Abstract

Clinical isolates of Staphylococcus aureus (n=3929) collected by 54 medical center laboratories in 12 countries in 2014–2016 were tested for in vitro susceptibility to tedizolid, linezolid, and 11 comparators using Clinical and Laboratory Standards Institute (CLSI) broth microdilution methodology with minimum inhibitory concentrations (MICs) interpreted by CLSI M100-S26 (2016) criteria. All isolates of S. aureus tested were susceptible to both tedizolid (MIC, ≤0.5μg/mL) and linezolid (MIC, ≤4μg/mL). The concentration of tedizolid that inhibited 90% of isolates (MIC90) was 0.5μg/mL, 4-fold lower than linezolid (MIC90, 2μg/mL).

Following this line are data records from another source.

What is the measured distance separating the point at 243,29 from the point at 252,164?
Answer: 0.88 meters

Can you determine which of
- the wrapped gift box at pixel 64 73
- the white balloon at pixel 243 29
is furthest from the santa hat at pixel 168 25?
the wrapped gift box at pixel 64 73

Tedizolid MIC frequency distributions were equivalent for methicillin-susceptible (MSSA; n=2090; MIC90, 0.25μg/mL) and methicillin-resistant (MRSA; n=1839; MIC90, 0.25μg/mL) S. aureus. We conclude that tedizolid possesses more potent in vitro activity than linezolid against recently collected isolates of S. aureus, including isolates of MRSA, and that resistance to currently marketed oxazolidinones (tedizolid and linezolid) remains very uncommon.